Splunk® Machine Learning Toolkit

User Guide

Preprocess your data with the Splunk Machine Learning Toolkit

Preprocessing your data is an important part of a machine learning workflow. Machine learning works best when you provide a clean, numeric matrix of data as the foundation for building your machine learning models. Use preprocessing options included in the Splunk Machine Learning Toolkit (MLTK) to transform your data so that it is more suitable for machine learning modeling and visualization.

Preprocess data using MLTK assistants

MLTK guided modeling assistants bring all aspects of a monitored machine learning pipeline into one interface. All of the available assistants are shown on the Experiments tab in MLTK as shown in the following image:

This image shows the view under the Experiments tab of the MLTK. Here each of the available MLTK guided modeling assistants are displayed along with any models created and saved using those assistants.

All MLTK Smart Assistants and a selection of Experiment Assistants include a data preprocessing option within the guided workflow.

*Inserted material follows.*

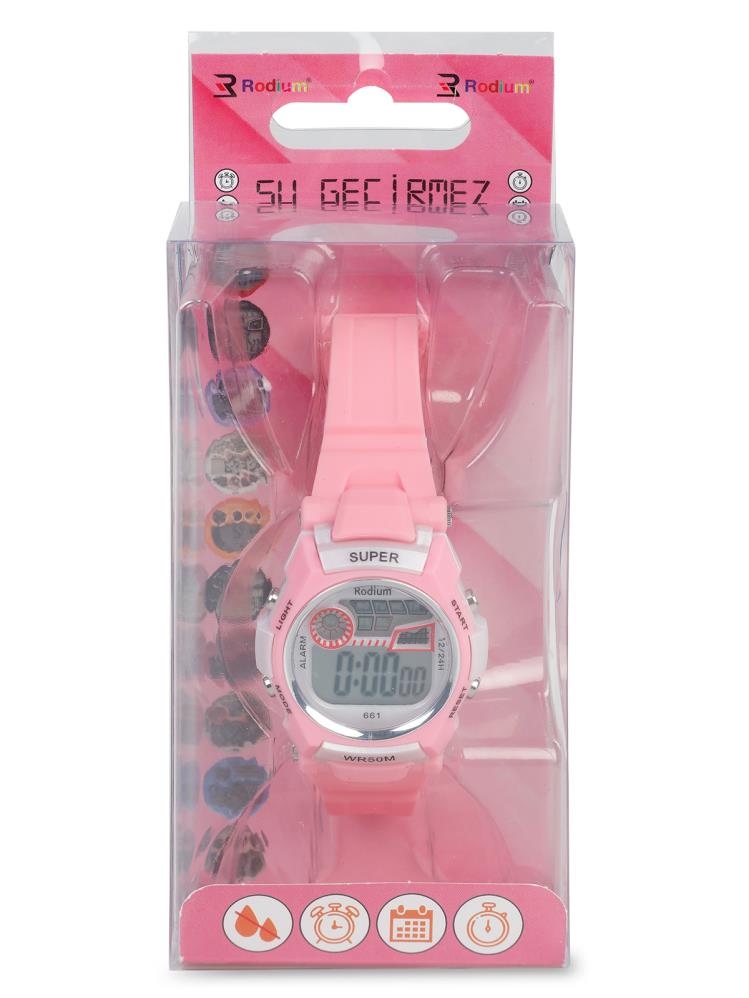 Zaman Saat Rodıum Cocuk Saatı - Pembe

As with other aspects of MLTK guided modeling assistants, any preprocessing steps taken also generate Splunk Search Processing Language (SPL) that can be viewed using the SPL button within each assistant. As you apply one or more preprocessing steps, review the results against your data. You can modify a preprocessing step as long as no other steps have been added.

Once you add another preprocessing step, previous steps cannot be modified. Removing a preprocessing step also removes all subsequent preprocessing steps.

See the following table for which assistants include data preprocessing options:

MLTK assistant Data preprocessing option
Smart Forecasting Assistant Includes the preprocessing option to join special time entries using a Lookup file at the Learn stage of the assistant workflow.

To learn more see Smart Forecasting Assistant.

Smart Outlier Detection Assistant Includes the preprocessing option to extract time from data at the Learn stage of the assistant workflow.

To learn more see Smart Outlier Detection Assistant.

Smart Clustering Assistant Includes the preprocessing algorithm options of PCA, Kernel PCA, and StandardScaler at the Learn stage of the assistant workflow.

To learn more see Smart Clustering Assistant.

Smart Prediction Assistant Includes the preprocessing algorithm options of PCA, Kernel PCA, and FieldSelector at the Learn stage of the assistant workflow.

To learn more see Smart Prediction Assistant.

Predict Numeric Fields Experiment Assistant Includes the preprocessing algorithm options of StandardScaler, FieldSelector, PCA, Kernel PCA, and TFIDF in the workflow. The default option is StandardScaler.

To learn more see Predict Numeric Fields Experiment Assistant.

Predict Categorical Fields Experiment Assistant Includes the preprocessing algorithm options of StandardScaler, FieldSelector, PCA, Kernel PCA, and TFIDF in the workflow. The default option is StandardScaler.

To learn more see Predict Categorical Fields Experiment Assistant.

Cluster Numeric Events Experiment Assistant Includes the preprocessing algorithm options of StandardScaler, FieldSelector, PCA, Kernel PCA, and TFIDF in the workflow. The default option is StandardScaler.

To learn more see Cluster Numeric Events Experiment Assistant.

Preprocess data using MLTK algorithms

MLTK supports over 30 algorithms including those for anomaly detection, classifiers, clustering, cross-validation, feature extraction, preprocessing, regressors, and times series analysis.

Use preprocessing algorithms to educe the number of fields in the data, produce numeric fields from unstructured text, and re-scale numeric fields. Choose the algorithms that best suit the preprocessing needs of your data. Select from the following preprocessing algorithm options:

FieldSelector

The FieldSelector algorithm uses the scikit-learn GenericUnivariateSelect to select the best predictor fields based on univariate statistical tests.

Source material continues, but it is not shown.